Allegiant Air has made a fortune – more than 40 consecutive profitable quarters – by following a relatively simple business plan: Take travelers from small towns and fly them to the beach or the desert.
Allegiant has some interesting cities in its route structure, including Belleville, Ill., Bismarck, N.D., Casper, Wy., and Grand Island, Neb. The trick is to tie those cities with places like Los Angeles, Honolulu, Las Vegas, Phoenix and Orlando.
So why, then, did Allegiant recently announce plans to fly from Los Angeles International Airport – one of the world’s busiest airports – to Honolulu. Is this a change in the carrier’s business plan? I wrote about the issue for in Tuesday’s newspaper.
Here’s what Jessica Wheeler, the airline’s spokeswoman, had to say about the new route. She compared it to the airline’s existing Las Vegas – Honolulu flight, which she said has been performing well. That was one of the first flights Allegiant started between two major cities.

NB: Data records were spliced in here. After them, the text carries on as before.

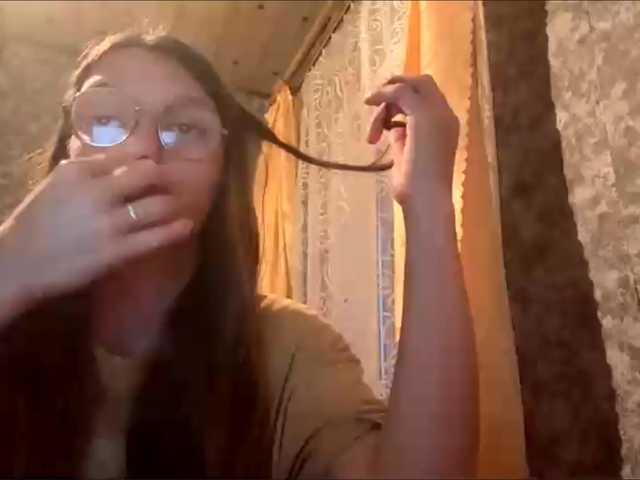 Evacrazys live cam on BongaCams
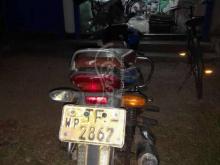 https://riyasewana.com/uploads/bajaj-discawari-72104211346339.jpg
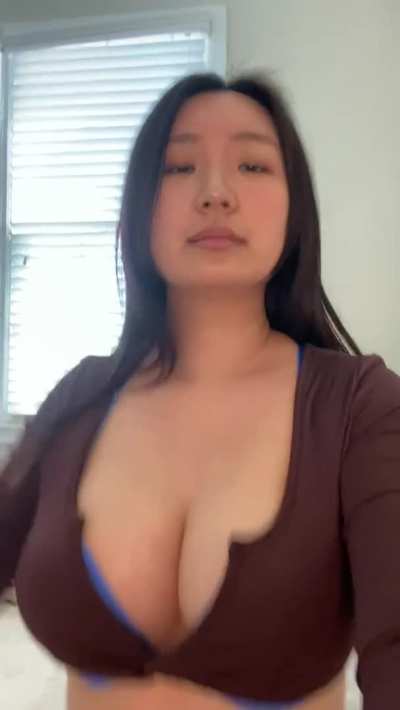 I love bouncing my tits around 😇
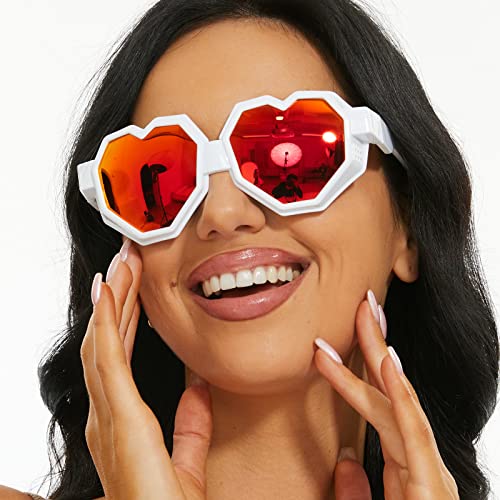 Image of laureles 2Pack Heart Shaped Goggle Y2K Sunglasses Women Fashion One Piece Oversized Love Sun Glasses Men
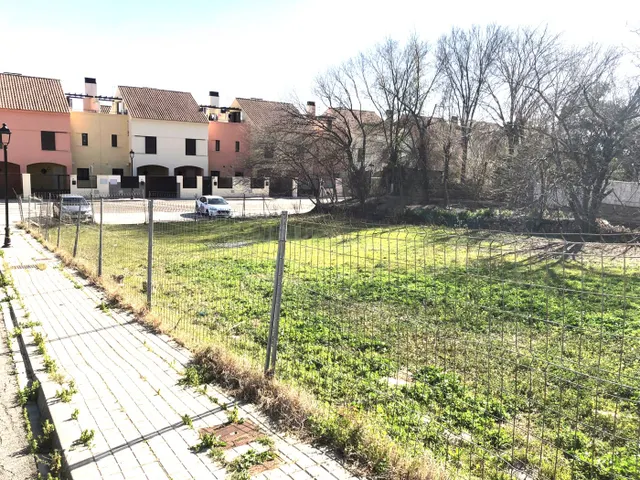 SOLARES EN GUILLENA, SEVILLA. - foto 2
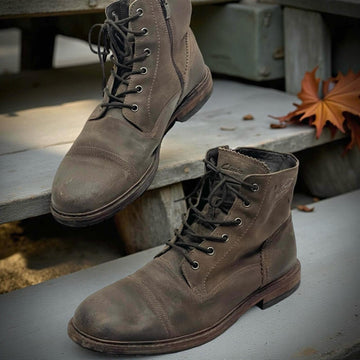 Clarks Men's Brown Leather Boots size 10.5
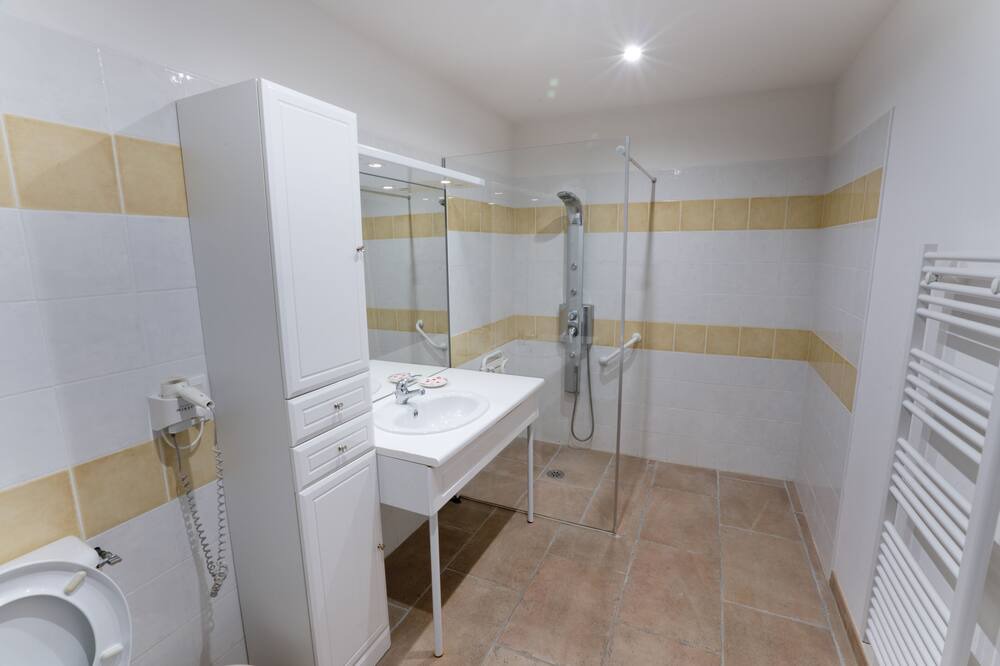 Photo of Bathroom in Villamblard
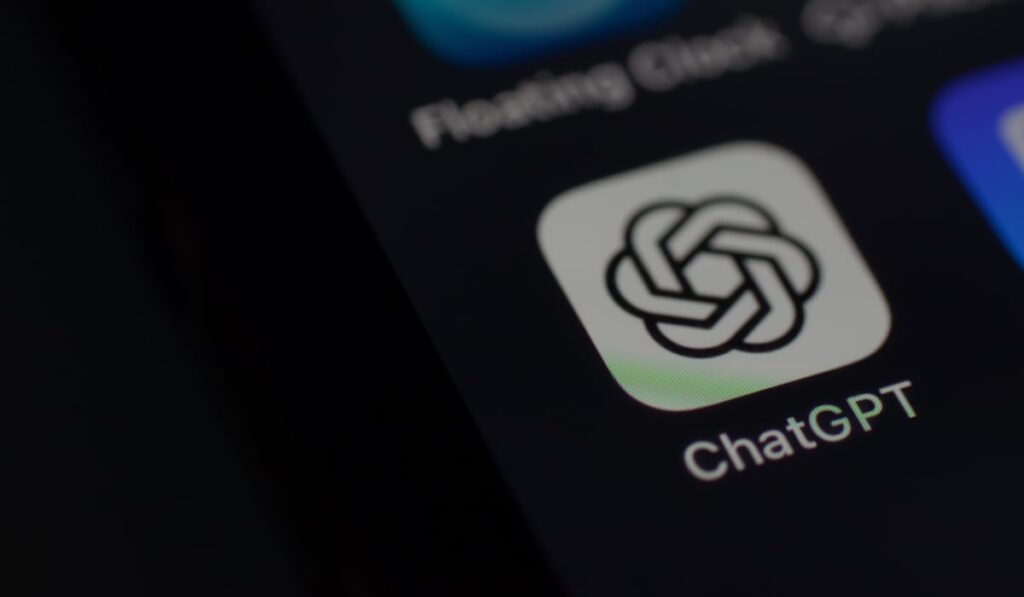 ChatGPT a picat peste tot în lume Iconița aplicației ChatGPT pe fundalul negru al ecranului unui telefon mobil.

“What we found was we were able to do it at a price point that no one else was able to do,” Wheeler said. “We were able to reach this under served community.”
But Wheeler said it’s wrong to think that Allegiant is changing its way of doing business. “I think that this is complementary to our business model,” she said, noting that the smaller airports will remain the focus for the airline.
The new LAX-Hawaii service will begin in October. But don’t expect to it last the entire year. Wheeler said Allegiant at first expected demand would be strong year round for Hawaii flights. But instead it found demand was much higher in the winter.
Allegiant does not like flying planes that aren’t full. That’s not profitable. So the airline likely will use its 757s elsewhere next summer. And then maybe it will put them back in Hawaii.
“What we are seeing is Hawaii is a lot more seasonal than we expected,” she said. “It’s looking a little more like Florida and Las Vegas. But we’re not afraid of seasonality. We are not afraid of being flexible.”